Aresti se vió asediado por su parienta. La pequeña de Lizamendi no le parecía mal. La mamá aceptaba, sonriendo, el plan de Cristina, y el doctor encontraba á las de Lizamendi con una frecuencia alarmante en el salón de su casa. Al fin acabó por ceder á los reiterados consejos de su prima, que parecían apoyados por el silencio y la mirada tranquila de Sánchez Morueta. Si había de casarse, no era mala proporción la de Lizamendi. Él había soñado algunas veces con la tranquila existencia de familia, con una vida dedicada al estudio y al ejercicio de la profesión, encontrando, al volver á casa una boca sonriente que le besase, unos brazos que vinieran á sorprenderle con repentina caricia, mientras reflexionaba inclinado sobre un libro. Bien veía él que Antonieta Lizamendi era una joven insignificante, educada, como la mayoría de las niñas de su clase, con una instrucción de monja, sin más horizonte que el chismorreo de las tertulias y las visitas diarias á la iglesia. Pero él despertaría aquella alma; él la formaría á su imagen y semejanza. ¡Infeliz doctor!…
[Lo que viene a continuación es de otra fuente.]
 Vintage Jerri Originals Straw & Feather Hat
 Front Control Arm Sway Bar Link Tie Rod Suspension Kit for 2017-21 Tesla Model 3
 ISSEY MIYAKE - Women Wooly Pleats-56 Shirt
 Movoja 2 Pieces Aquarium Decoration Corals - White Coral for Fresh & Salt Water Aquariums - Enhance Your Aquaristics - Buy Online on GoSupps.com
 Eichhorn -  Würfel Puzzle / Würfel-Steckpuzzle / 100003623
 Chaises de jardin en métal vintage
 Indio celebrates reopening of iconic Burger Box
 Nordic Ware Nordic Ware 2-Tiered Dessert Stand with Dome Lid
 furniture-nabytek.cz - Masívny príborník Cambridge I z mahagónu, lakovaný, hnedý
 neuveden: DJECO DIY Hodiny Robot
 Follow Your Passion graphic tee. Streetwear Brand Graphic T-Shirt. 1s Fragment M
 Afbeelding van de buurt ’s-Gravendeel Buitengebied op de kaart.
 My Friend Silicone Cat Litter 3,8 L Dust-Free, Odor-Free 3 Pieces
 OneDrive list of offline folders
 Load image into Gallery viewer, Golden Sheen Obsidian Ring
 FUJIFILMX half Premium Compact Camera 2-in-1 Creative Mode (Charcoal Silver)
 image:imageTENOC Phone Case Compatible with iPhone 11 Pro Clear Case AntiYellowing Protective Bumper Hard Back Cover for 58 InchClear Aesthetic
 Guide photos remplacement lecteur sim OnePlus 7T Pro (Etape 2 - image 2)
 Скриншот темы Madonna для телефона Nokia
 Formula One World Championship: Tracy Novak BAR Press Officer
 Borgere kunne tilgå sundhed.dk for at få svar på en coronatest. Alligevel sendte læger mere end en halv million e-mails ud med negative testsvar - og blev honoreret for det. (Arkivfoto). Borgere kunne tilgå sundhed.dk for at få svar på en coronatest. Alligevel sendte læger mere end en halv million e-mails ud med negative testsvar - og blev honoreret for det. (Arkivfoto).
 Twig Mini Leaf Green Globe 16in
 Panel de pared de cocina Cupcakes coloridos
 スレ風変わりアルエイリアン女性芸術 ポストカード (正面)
Al recordar este período de su pasado, Aresti sonreía amargamente, burlándose de su optimismo. ¡Cambiar él á su mujer! ¡Transformarla!.... Él era quien había estado próximo á anularse, á desaparecer aplastado en el engranaje lento y monótono de esa vida gris de las almas muertas. Se casaron, y Aresti se trasladó á la casa de su mujer. La madre no quería separarse de la hija; además, la familia, como ella decía, necesitaba un hombre para mayor respeto. El joven médico creyó de buena fe que estaba enamorado de su esposa. Rompiendo la costumbre bilbaína, la acompañaba á todas partes, hacía esfuerzos por avivar el cariño conyugal, por fundirse moralmente con aquella muñeca que se le había entregado, y que una vez cumplidos los deberes conyugales, quería seguir su vida de visitas, novenas y comuniones como en tiempos de soltera. La madre y la otra hermana eran un perpetuo obstáculo, tras el cual se ocultaba la esposa. Lentamente se veía Aresti empujado á un mundo nuevo que no era de su gusto. La fama de sus operaciones era cada vez mayor, y la familia disponía de él como de un objeto de lujo que la daba cierta distinción. Si en un convento había una monja enferma de gravedad, si un padre jesuíta se quejaba del estado de su salud, las de Lizamendi enviaban á Luis, con indicaciones que eran órdenes, contentas de poder servir gratuitamente á los elegidos del Señor. El médico racionalista se veía convertido por su familia en un trotaconventos, curando á gentes que insultaban su ciencia después de aprovecharla y no perdían ocasión de darle las gracias echándole en cara su falta de religiosidad. ¿Dónde estaban sus ilusiones de dedicarse al estudio y ser un sabio? ¿Dónde aquella mujer enamorada y entusiasta que le había de ayudar con su dulzura en las ásperas investigaciones de la ciencia?…
Aresti, á los dos años de casado, adquirió la convicción de que su esposa no le amaba. Es más: le sirvió de consuelo la certidumbre de que ella no podía amar á nadie. La iglesia, la confesión con el padre de moda, un buen vestido para dar envidia á las amigas y el visiteo entre mujeres, lejos del hombre que no era más que el macho destinado á los negocios y á traer dinero á casa; estas eran todas las aspiraciones de su vida. Además, Aresti adivinaba en las palabras y en los ojos de su mujer extrañas influencias que venían de fuera. En su casa, á solas con Antonieta, presentía la existencia de invisibles fantasmas que le espiaban, que tomaban nota de sus acciones, que á cada arranque de pasión parecían interponerse entre su mujer y él.